Following the money, and the individuals who got the money across two generations, means tracking the scale of investment and placing it in relation to the wider economy.

We shall also investigate the political attitudes and influence of these individuals, explore the cultural significance of those who built country houses or became art collectors, see how their children, Elizabeth Barrett Browning or Charles Kingsley, for example, contributed through their writing to ideas about the slave trade and slavery.

Our findings will play into the discussions about reparations for British colonial slavery. Many contemporary firms benefited from these payments in the past. Some, as has happened in the US, may accept responsibility and explore forms of restitution. We shall see. We hope that the work that we do - and the publicly accessible database that we create - will make possible a more careful estimate of the part slavery played in Britain's wealth in the 19th century. Was it irrelevant - as some claim? Was Britain built on the blood of slaves? Or was it, as we suspect, that slave ownership was one aspect of Britain's wealth - but one that needs to be fully recognised?

Catherine Hall is professor of modern British social and cultural history at University College London (UCL). Her recent work has centred on questions of 'race', ethnicity and difference in the history of the C19 nation and empire. Publications include 'Civilising Subjects. Metropole and Colony in the English Imagination 1830-1867' (2002), 'At Home with the Empire', 'Metropolitan Culture and the Imperial World', edited with Sonya O. Rose (2006).

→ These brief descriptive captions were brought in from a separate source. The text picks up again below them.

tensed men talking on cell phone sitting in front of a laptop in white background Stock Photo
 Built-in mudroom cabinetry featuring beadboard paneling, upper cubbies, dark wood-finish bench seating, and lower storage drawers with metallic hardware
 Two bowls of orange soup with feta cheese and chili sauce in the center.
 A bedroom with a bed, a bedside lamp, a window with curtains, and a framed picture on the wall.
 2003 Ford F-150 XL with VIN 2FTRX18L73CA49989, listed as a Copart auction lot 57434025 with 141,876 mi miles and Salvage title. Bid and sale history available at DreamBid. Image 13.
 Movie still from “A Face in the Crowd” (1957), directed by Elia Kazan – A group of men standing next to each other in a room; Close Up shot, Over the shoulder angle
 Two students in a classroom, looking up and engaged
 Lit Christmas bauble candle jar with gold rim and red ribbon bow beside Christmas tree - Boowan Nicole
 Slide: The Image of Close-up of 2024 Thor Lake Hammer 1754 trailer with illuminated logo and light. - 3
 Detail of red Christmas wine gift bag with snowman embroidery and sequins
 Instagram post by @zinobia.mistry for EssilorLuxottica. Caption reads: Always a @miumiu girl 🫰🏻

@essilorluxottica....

She is currently writing a book on the history of England, and is leading an ESRC -funded project at the UCL on the legacies of British slave ownership.

Apologies for roles in slavery

Several institutions have apologised for, or acknowledged, their links to slavery including:

  • In March 2002, Deadria C. Farmer-Paellmann, a lawyer and activist, launched an unsuccessful legal action against Aetna, a health-care benefits company, and others, for unjust enrichment through slavery. Legislation in California and Illinois prompted several companies to research their past and some to apologise and make atonement gestures.

  • In mid-2000, Aetna, prompted by Farmer-Paellmann, was one of the first to apologise for insurance policies written on slaves 140 years earlier.

  • In 2002, New York Life, the insurer, donated documents about the insurance it sold to slave owners in the 1840s to a New York library. It also backed educational efforts.

  • In 2005 JPMorgan, the investment bank, apologised that two of its predecessors in Louisiana - Citizens Bank and Canal Bank - had mortgaged slaves. The bank made its research public and set up a $5 million scholarship fund for African- American pupils.

  • Lehman Brothers apologised in 2005 for its predecessors' links to slavery, while Bank of America said it regretted any actions its predecessors might have taken to support or tolerate slavery.

  • Wachovia Bank, since acquired by Wells Fargo, also apologised for its predecessors having owned and profited from slaves. It set up a programme offering $1 billion in loans for black car dealerships.

  • In October 2001, students at Yale University pointed out its past links with slavery. The university noted it had already founded the Gilder-Lehrman centre for the study of slavery.

  • Brown University has set up a commission to look into links with slavery and how it should make amends.

  • In 2006, Tony Blair, prime minister, expressed "deep sorrow" for the UK's role in the slave trade.

  • This year, the US Senate unanimously passed a resolution apologising for slavery and segregation.